United States District Court, S.D. New York
Apr 17, 1979
473 F. Supp. 908 (S.D.N.Y. 1979)

Summary

applying New Jersey law

Summary of this case from Direnzo v. U.S.

Opinion

No. 77 CIV 875 (LBS).

April 17, 1979.

Bronstein, Van Veen Bronstein, New York City, Peter E. Bronstein, New York City, of counsel, for plaintiffs.

Townley Updike, New York City, Michael S. Belohlavek, New York City, of counsel, for defendant.


OPINION


Defendant has moved for summary judgment in this action for malicious prosecution, asserting that as a matter of New Jersey law, which controls here, plaintiff cannot establish the four elements necessary for such a cause of action. We conclude that as to one of the four elements, there exist no issues of material fact and plaintiff cannot prevail as a matter of law. The motion, therefore, is granted.

The elements of a malicious prosecution are as follows:

(1) A criminal proceeding instituted or continued by the defendant against the plaintiff;
(2) Termination of the proceeding in favor of the accused;

(3) Absence of probable cause for the proceeding;

(4) "Malice", or a primary purpose other than that of bringing an offender to justice.

Prosser, Law of Torts 835 (4th Ed. 1971). The question before us is whether, on the undisputed facts, plaintiff has established the first of these elements — whether defendant "instituted or continued" the criminal proceeding which was brought against Mr. Whittaker.

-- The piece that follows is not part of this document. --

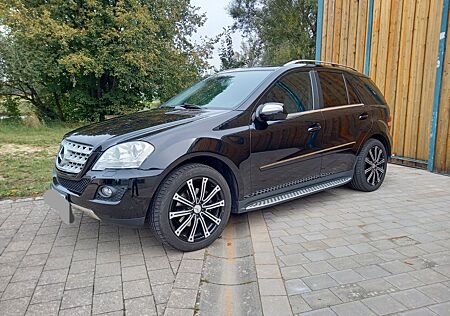 Mercedes-Benz ML 320 CDI 4MATIC -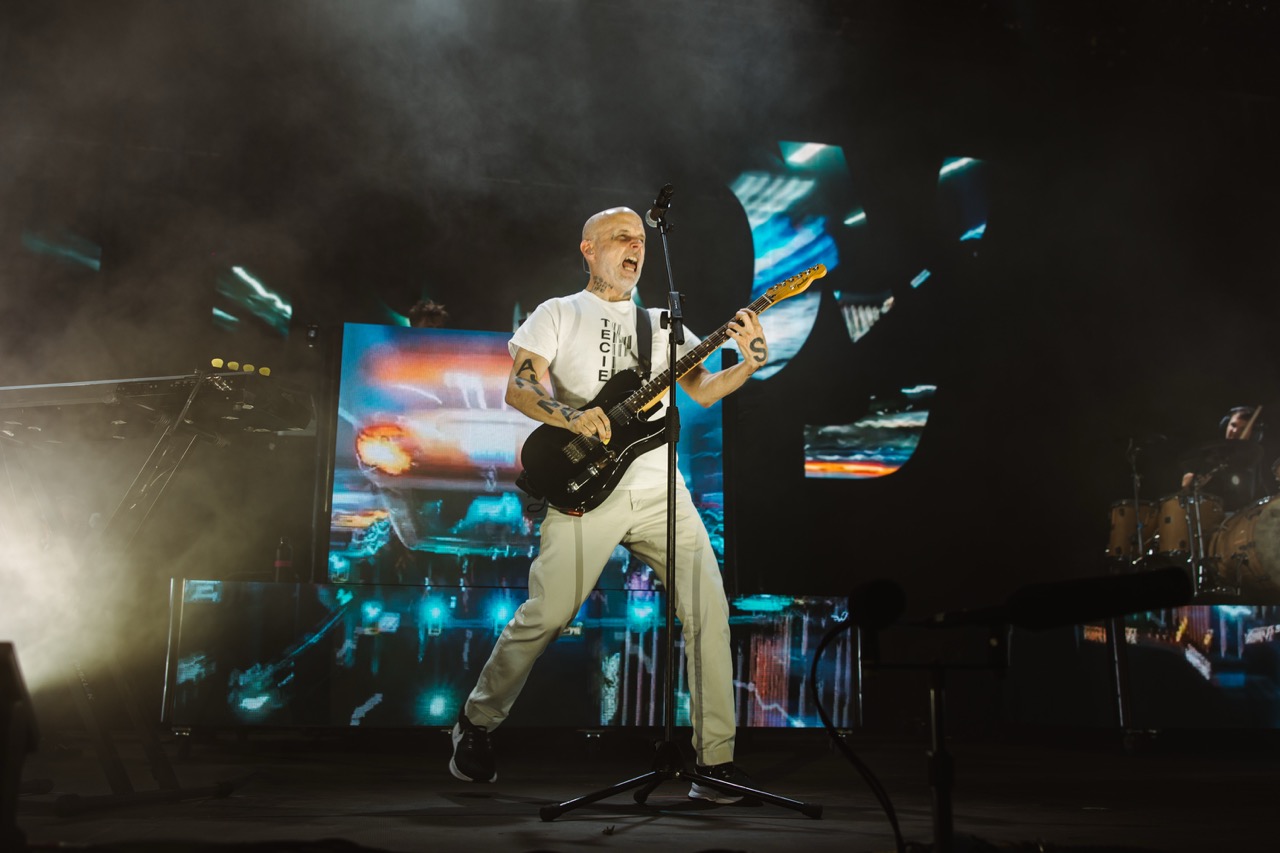 MOBY Live on the Thames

The background of this action, and the facts relating to the "institution or continuation" element, are as follows. At all relevant times, plaintiff was a principal of Whittaker Associates, a New York State partnership engaged in the business of "investigation". Whittaker was a licensed private detective in New York State, but was not so licensed by the State of New Jersey.

On November 28, 1973, a burglary occurred on defendant's property in New Jersey. The following day, defendant retained Whittaker to perform certain services, the precise nature of which is in dispute. Plaintiff contends that he was retained to assess the security system on the property, while defendant asserts that he was hired, at least in part, to investigate the burglary. Under New Jersey law,

No person, firm, association or corporation shall engage in the private detective business or as a private detective or investigator . . . without having first obtained from the superintendent a license to conduct such business . . . Any person, firm, association or corporation who shall violate any of the provisions of this section shall be guilty of a misdemeanor. (N.J.S.A. 45:19-10.)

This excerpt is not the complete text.